The two series of works underscore the traits that permeate the genre of modern fantasy – the logic of the fantasy setting’s workings, its acknowledged fictitious nature, and the clear authorship of the narrative, rather than a folklore source. But while Tolkien’s tale, like traditional fantasy set in the past or a far off unknown place, is set between the “age of Faerie and the dominion of men” (as a reviewer then put it), Lewis remains true to a key facet of the genre by using a different reality.

This could either be a a fantasy world separated from ours, as he chooses, or a hidden fantasy side of our own world – as used in Rowling’s Harry Potter and Riordan’s Percy Jackson adventures.

The interplay of the real and fictional world is what gives the Narnia tales an edge, apart from Lewis’ eclecticism in incorporating creatures and myths from many different cultures and ages – Greek and Roman mythology as well as Germanic, old British and Irish fairy tales apart from adapting many traditional Christian themes – as against Tolkien’s reliance on contemporary British adventure stories as well as chiefly north European folk mythology.

The Narnia series, set in a realm of magic, mythical beasts, and talking animals, is about various children who play key roles in its history from its creation to eventual destruction. Apart from one installment, the protagonists are all from the real world, magically transported there for considerable time (but only a few minutes on their world), where they are called upon by a heroic lion Aslan to protect Narnia from evil.

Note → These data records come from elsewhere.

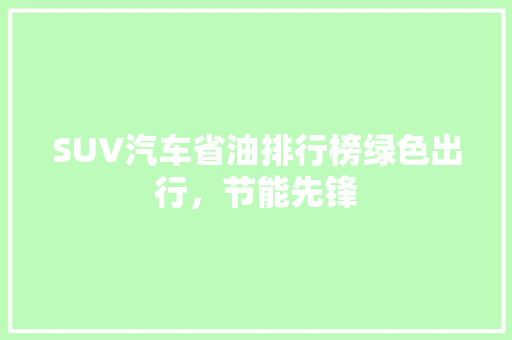 SUV汽车省油排行榜绿色出行，节能先锋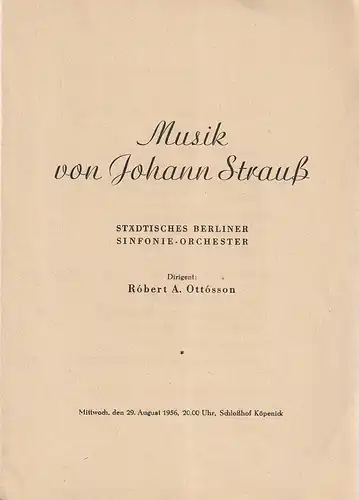 Städtisches Berliner Sinfonie-Orchester: Theaterzettel MUSIK VON JOHANN STRAUß 29. August 1956 Schloßhof Köpenick. 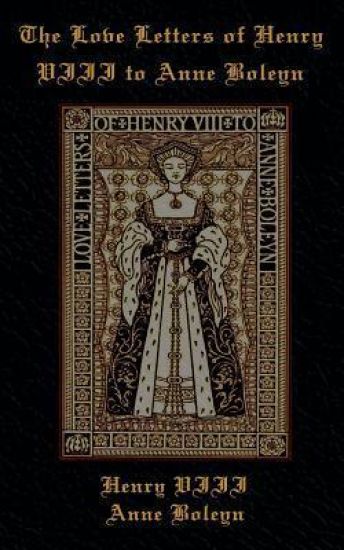The Love Letters of Henry VIII to Anne Boleyn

It begins with “The Lion, the Witch, and the Wardrobe” (1950), where the four Pevensies – Peter, Susan, Edmund and Lucy, evacuated from the city during World War II and lodged with an elderly professor, stumble one by one into Narnia and help to free it from a terrible curse and its evil witch ruler. But an act of treachery from one of them demands a seemingly terrible act of redemption by the Christ-like lion.

“Prince Caspian” (1951) sees the Pevensies returning to find it has been centuries since their rule and reviving the spirit of Narnians who are now being ruled by an alien race, themselves divided among two contenders for power. At the end, the two eldest Pevensies are told they are too old to return. “The Voyage of the Dawn Treader” (1952) sees Edmund, Lucy and their (then unlikeable) cousin Eustace reach Narnia to accompany the now King Caspian on a search across uncharted seas for seven exiled noble supporters, while “The Silver Chair” (1953) sees Eustace and his schoolmate Jill return to search for the missing heir of a now elderly Caspian.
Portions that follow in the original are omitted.